永遠の恋人!
「あーぁ…⁉︎ 店長?
義理の兄なんですよぅ。」
直ぐにバレる嘘をよくもスラッと吐いたものだ…。
私は、仕事帰りにほぼ毎日主人が経営するコンビニに寄った。
仕事の裏方(発注や検品、掃除等)を手伝う事がよくあったし、店に行けば必ず顔を合わせる事ができ、すれ違い夫婦でもここでならしっかり話ができた。

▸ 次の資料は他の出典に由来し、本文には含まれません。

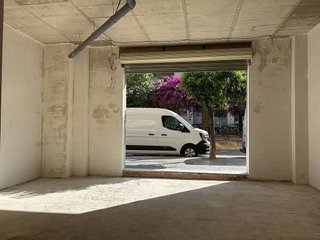 Local comercial en alquiler en Zona Avenida al Vedat en Torrent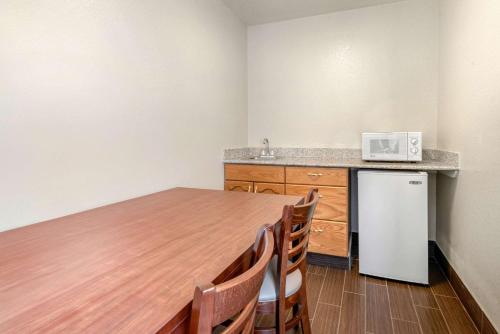 Comfort Inn Fremont - image 3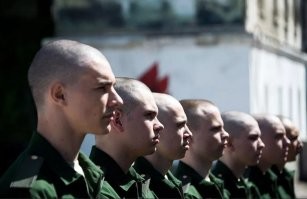"6. Одинаковые причёски"

Действительно. Вокруг сплошная матрица)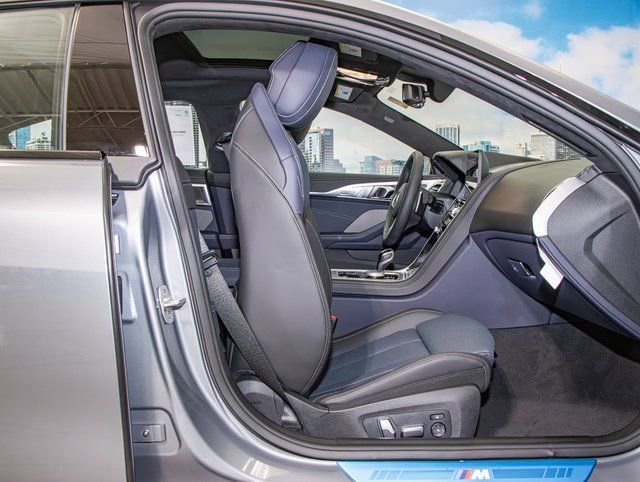 2025 BMW 8 Series 840i - Photo 22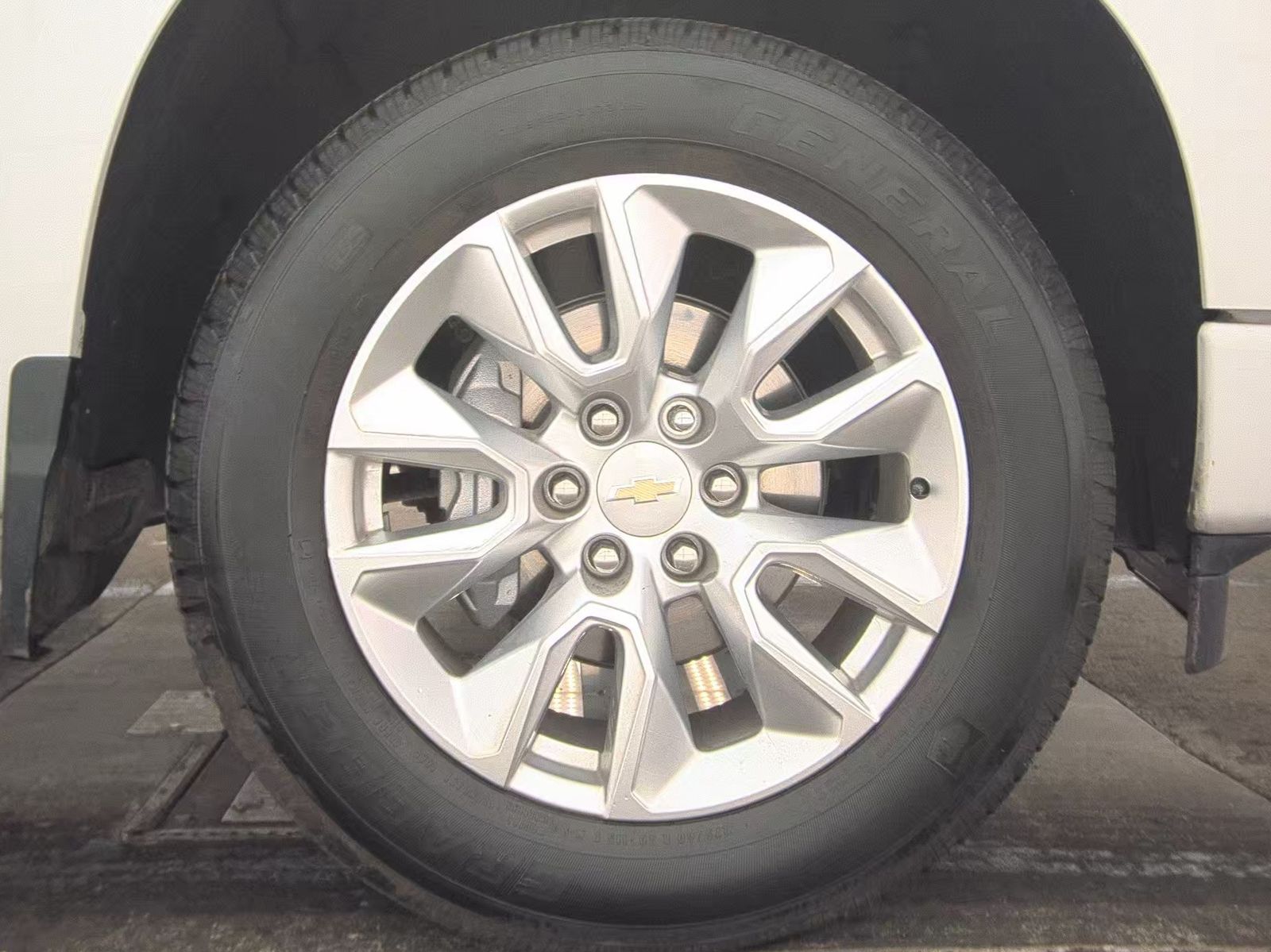 2024 Chevrolet Silverado 1500 Custom RWD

重い腰をあげ自宅へ戻ろうと店を出る時、知り合いに呼び止められる。
「義香さん、店長さんと苗字同じだけど…どんな関係?」って聞かれることも少なくなかった。
珍しい苗字だし…。
若い頃からの知り合いは、
そのコンビニの店長は、私の主人であることを知っていた。
「兄」じゃなく!
「義兄…」なんて…
よく言えたもんだ!
主人に話したら笑って聞いていたけれど、内心どうだったか?
もし逆だったら…
離婚問題に発展しそうなくらい大喧嘩しただろう…。
大好きだった主人が、
亡くなる5年前頃から、徐々に変わっていった…
「肝臓は沈黙の臓器」とは言え…
主人の体は訴えていた!
主人もきっと声に出していたはず!
容姿が…
顔色が…
動きが…
笑い顔が…
変わっていった。
そんな…
そんな主人を労わるどころか・・
「義兄です!」なんて…
心が離れていた時期があったにせよ…罪深いことをしてしまった。
私にとって、誰よりもカッコいい人であり続けて欲しかった。
ずっと恋していたかったんだ…。